先日、会社で挨拶月間というものがありました。毎朝正門の前で役職者が並び「おはようございます」と社員に挨拶をするものです。挨拶促進は良い活動だと思うのですが、残念ながら体験としてはあまり良いものに感じませんでした。

少し極端な言い方をすれば、偉い人に待ち構えられて「挨拶をしなさい」と言われている様に感じます。それではやはり気持ちの良いものではありません。一方、正門に立って挨拶をする側に取っても、通行者全員に声を張り上げ続けるのも大変なはずで、両者にとって良い体験とは言えないでしょう。

私はこの活動に反対するわけではありませんが、いまひとつ納得がいきません。みんなで挨拶をしましょうという狙いはわかりますが、社員は本当に挨拶をしないのだろうか、と少しもやもやしてしまいました。そこで、こっそりと実態調査することにしました。

調査方法は以下の通りです。私が正門から自分の居室に移動するまでの間に、すれ違う全ての人に対して挨拶をして何人の人が返答するかをカウントしました。結果から言うと3ヶ月間の間、649回挨拶をして383回の返答が返ってきました。割合にすると59%です。感覚的には思ったより多くの人が挨拶し返してくれました。

挨拶をしても返事が返ってこない場合は心が傷ついたりするものですが、こういう活動の場合は挨拶が返って来なくても心が傷つきません。中には絶対に挨拶しない人や、私を避ける様に歩く人もいましたが、挨拶を続けていると顔は覚えてくれる様です。嬉しかったのは最初は挨拶してくれなかった人が挨拶をしてくれる様になったことでした。これは私の顔を覚えてくれて、「あの人は挨拶をする人だ」と安心してくれたのでしょう。大げさな言い方をすれば、これは相手の信用を得られたと言えます。挨拶はお互いを信頼するきっかけの行為なのかもしれません。

話を戻しますが、挨拶の返答率は日によってばらつきがある様に感じました。曜日別に集計してみると月曜日は返答率が低く、水曜日と金曜日(共に定時退社日)は返答率が高く見えました。
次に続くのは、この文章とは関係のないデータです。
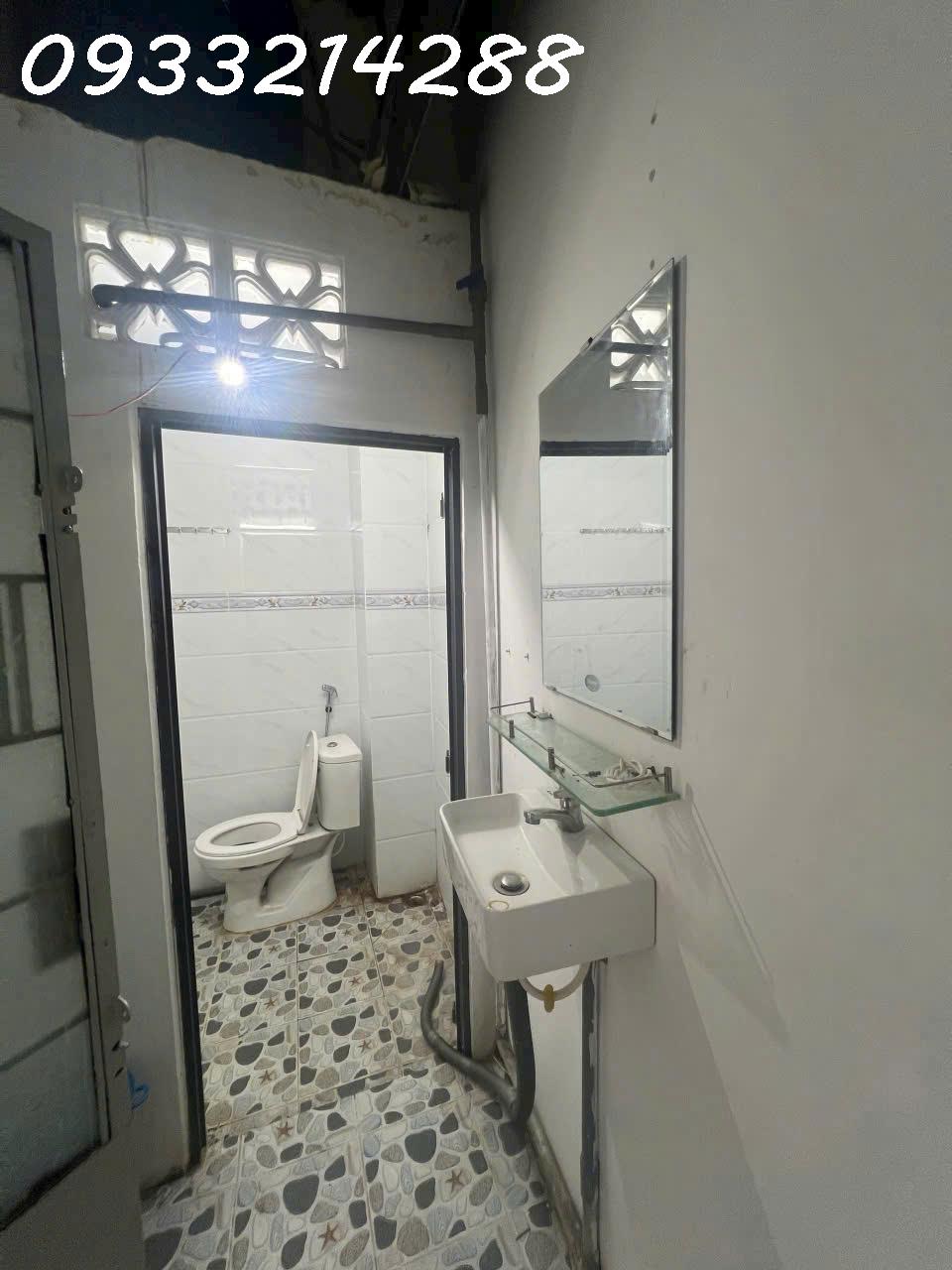 NHÀ SÁT MẶT TIỀN  PHÚ THỌ HÒA, HXH, KHỦNG 82M2 (6,3 X 15M), CHỈ NHĨNH 8 TỶ ,SỔ HỒNG RIÊNG - Ảnh 2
因果関係はよくわかりませんが、もしかするとその日の気分が挨拶に影響するのでしょうか。週別に平均を集計してみると、ばらつきはあるものの徐々に返答率が上がっているのがわかります。これは挨拶活動の効果が影響しているのかもしれません。(グラフ参照してください)

他にも発見はあったのですが、長くなるのでこの辺りで終わりにします。それではみなさまよいお年をお迎え下さい。